In order to get more exact results, Eratosthenes applied two more manipulations.
First, a group of royal geodesists measured the distance from Syene to Meroe in the Sudan (today: Dar Shendy on the Nile), which came to 5000 stades. In this case the longitudinal difference is only 2°, but it is not negligible. And how could they really measure this great distance (about 800 km) over very rough mountainous surface? Only trigonometry would have served the job, but its use is denied by Miller (p.24). He talks about measuring by steps or with a rod or a rope, always reducing the outcome to the meridian. Let us assume that this might be probable. This suggests Syene is the center of Egyptian geodetics.

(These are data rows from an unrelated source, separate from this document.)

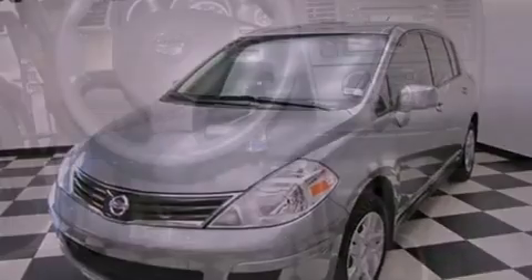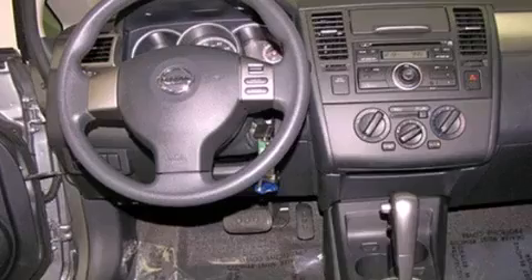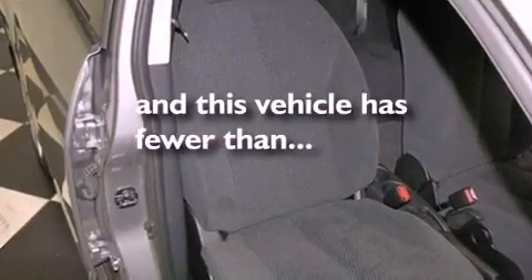Its top features include air conditioning, a rear window defroster, a premium sound system, a CD player, an anti-lock braking system, a passenger side airbag, and this vehicle has less than 23,000 miles.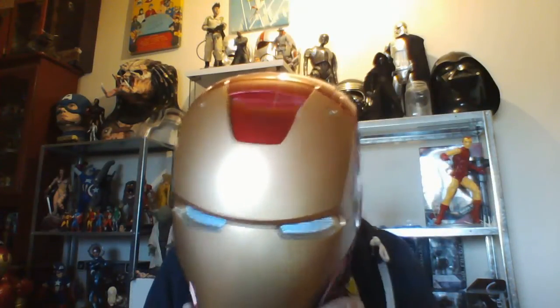Very nice paint job on it. There you go, you don't need to see me, you need to see it. I can see through the eyes pretty well. I mean, at the moment in here it's pretty light, so yeah, I can see through them pretty well.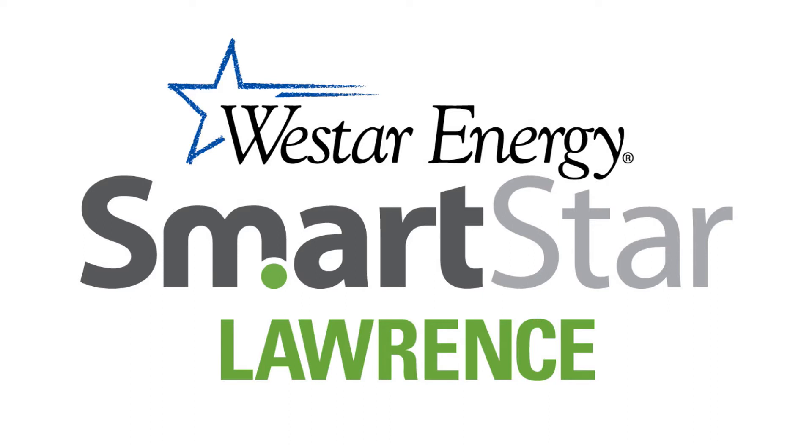SmartStar Lawrence — providing the energy dashboard and improving our energy delivery with the latest in smart grid technology.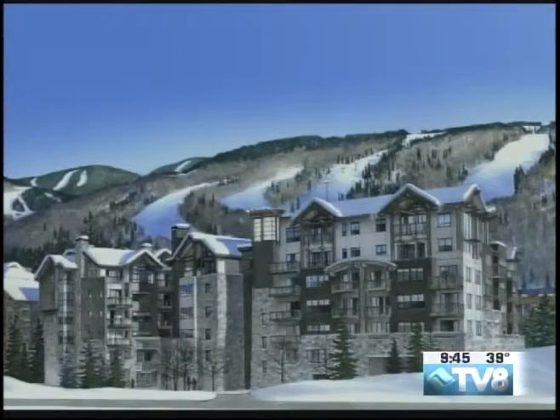You can look at blueprints and renderings, but when you can walk in — and this is a rendering of what it's going to look like when it's all finished. Look at that exterior. We have the most beautiful stone on all the facade. We have wood, we have a beautiful color of stucco. It's fantastic.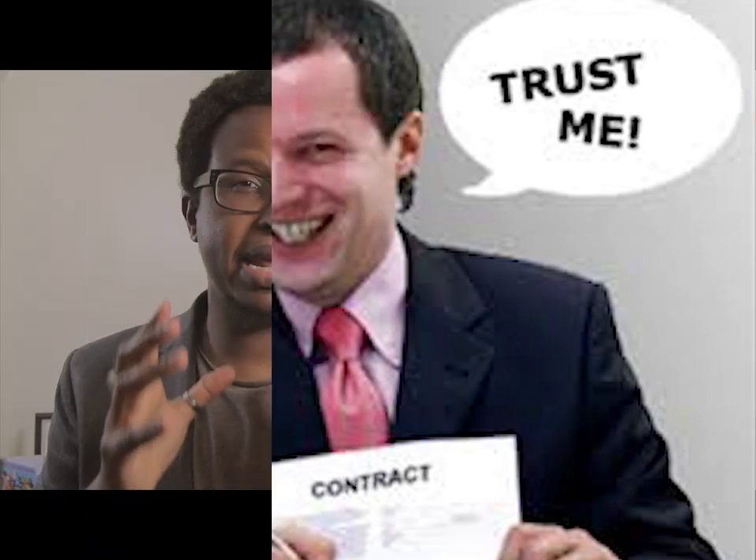I spent the last four days researching low-level laser therapy caps and combs. In this video I'm going to reveal everything that I discovered, including the very sneaky tactics these companies use to make millions of dollars. I'm also going to reveal the best laser hair combs and laser hair caps that you should buy that will hopefully give you the best results.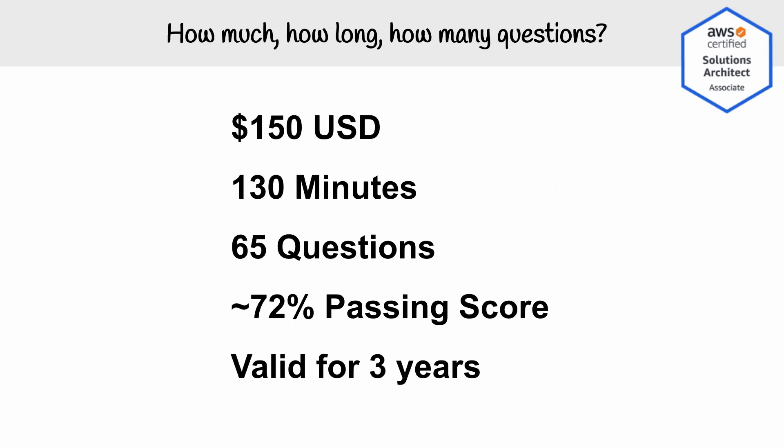Let's touch on the exam itself. The exam costs $150 USD, and you have to take it at a test center partnered with AWS — you'll book through the portal and go to that test center to write it. The exam gives you 130 minutes to complete 65 questions, the passing score is around 72%, and once you have the certification it's valid for three years. Hopefully that gives you a bit of perspective on whether the Solution Architect Associate is right for you.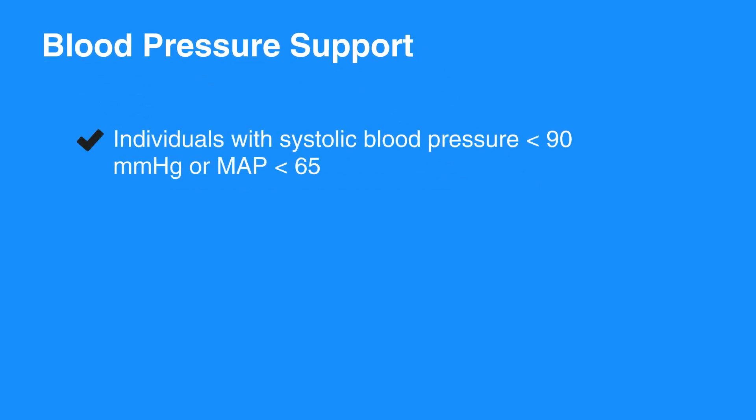Consider blood pressure support in any individual with systolic blood pressure less than 90 millimeters of mercury, or mean arterial pressure, or MAP, less than 65. Unless contraindicated, 1 to 2 liters of IV saline or lactated ringers is the first intervention.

The third improvement need not be taken seriously: Sailors told him that the distance between Rhodes and Alexandria is about 4000 to 5000 stades. That was not an improvement at all. We know that it is nearly impossible to determine the distance a ship has sailed. Eratosthenes neglected the longitudinal difference of 2° and probably used measurements of latitude when he implied a distance of 3750 stades, as Miller says (p.27). Posidonius, who died about 150 years later, chose 4000 stades and arrived at a similarly exact result.
Again, this tells me the result was there first, and the way of obtaining it was a pure guess.

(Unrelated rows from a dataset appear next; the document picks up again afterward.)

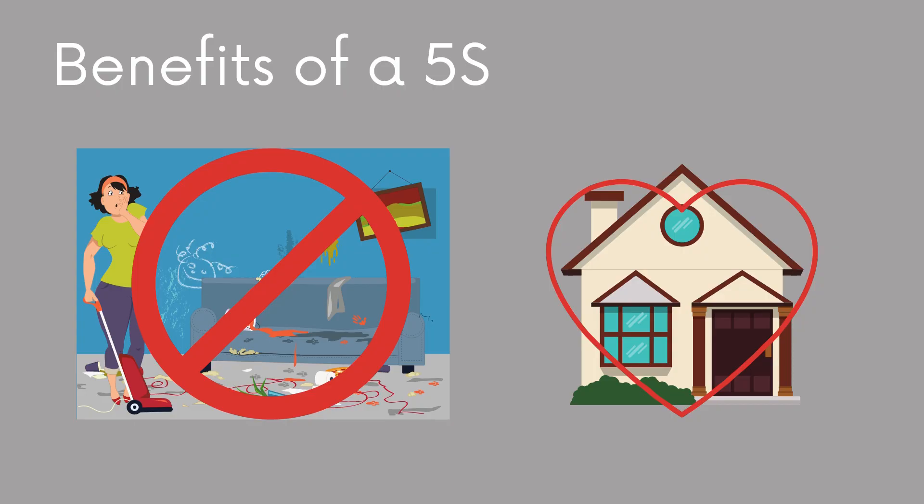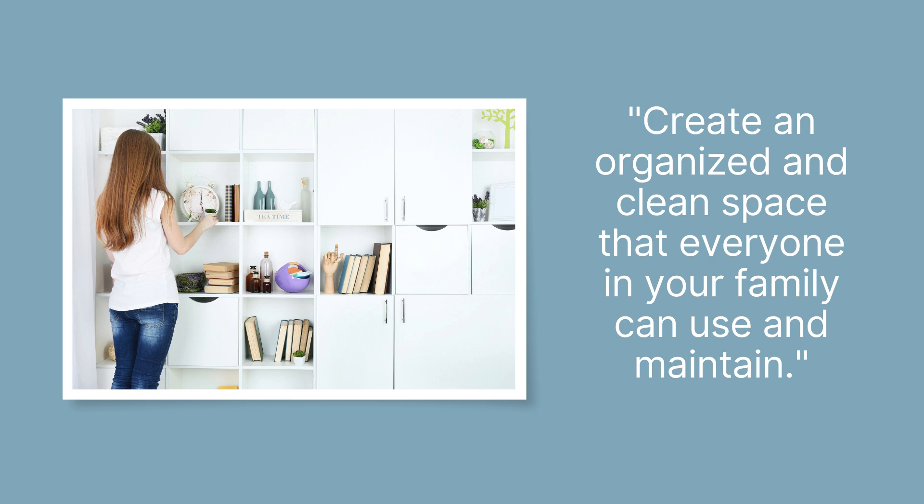The benefit of a 5S is that you take your home from complete and utter chaos — where you might have been embarrassed if someone randomly showed up at your door and walked into a messy home — to a home that's clean and organized. It becomes a safe space where even if someone walked in randomly, it would be clean and you wouldn't have to be embarrassed. It also keeps you from having to search for items, your kids can help out keeping the space clean, and it gives you that feeling of family camaraderie. It creates an organized and clean space that everyone in your family can use and maintain.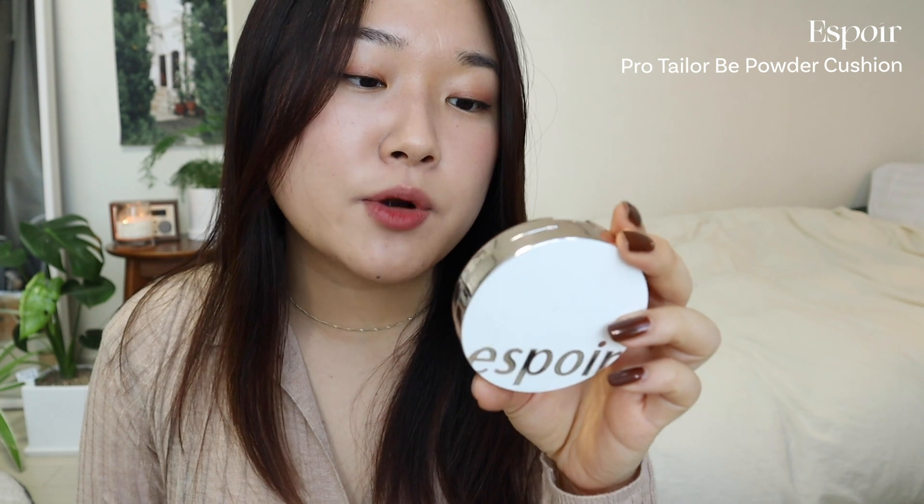Then we have the Missha The Cushion Skin Matte. I like this one but just didn't reach for it as much — I'm not sure why. It has pretty good medium coverage and is a no-fuss cushion. I don't remember a ton about it, but it's definitely one I need to start using again.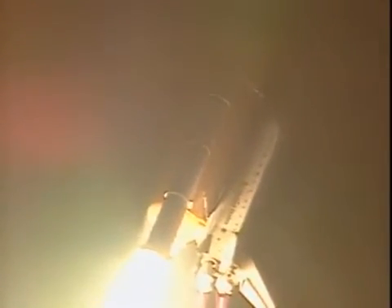Houston now controlling the flight of Endeavour. Three new residents headed for the International Space Station. Endeavour completing the roll, the shuttle now in a heads-down, wings-level position for the eight and a half minute ride to orbit.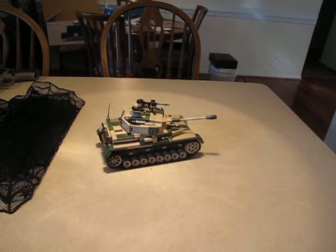The crew was 5: a commander, a gunner, a loader, a driver, a radio operator, and a hull machine gunner.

According to Miller (p.16) recent scholars take this view. They speak of Eratosthenes as “unconsciously” arriving at his results, or borrowing them from another learned culture.
For me the question remains: where did Eratosthenes get his knowledge? That he himself was not learned is highlighted by other data given in his texts (Miller p.5): the diameter of the sun is three times that of the earth, its distance is 51 diameters of the earth, and the moon is 19,5 earth-radii away. All figures are far wrong.

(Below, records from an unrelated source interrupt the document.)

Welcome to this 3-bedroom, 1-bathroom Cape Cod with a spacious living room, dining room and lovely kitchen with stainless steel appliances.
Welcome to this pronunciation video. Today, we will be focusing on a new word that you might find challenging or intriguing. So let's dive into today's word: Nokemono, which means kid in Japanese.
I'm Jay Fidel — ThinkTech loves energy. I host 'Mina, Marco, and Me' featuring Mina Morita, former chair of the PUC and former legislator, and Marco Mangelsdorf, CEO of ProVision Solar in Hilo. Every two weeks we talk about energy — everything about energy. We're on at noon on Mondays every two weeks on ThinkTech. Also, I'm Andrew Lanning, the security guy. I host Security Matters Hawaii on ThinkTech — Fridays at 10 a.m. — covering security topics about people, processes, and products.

So if he could not estimate himself, not even nearly, how did he arrive at an exact result for the earth’s circumference?
The problem of the incorrect data used by Eratosthenes, especially the 3° difference in longitude, is brushed aside by Miller’s remarks (p.6 and p.25), that they are corrected by giving the latitudinal difference between Alexandria and Syene as 7° 1/7 . This is not said in the Greek text, but only surmised by Miller defending Eratosthenes. Miller says Eratosthenes was able to correct his wrong longitudes by the inexact difference of the latitudes and thus find the real circumference of the earth. Committing two mistakes and arriving at the correct result means that he knew the result in advance.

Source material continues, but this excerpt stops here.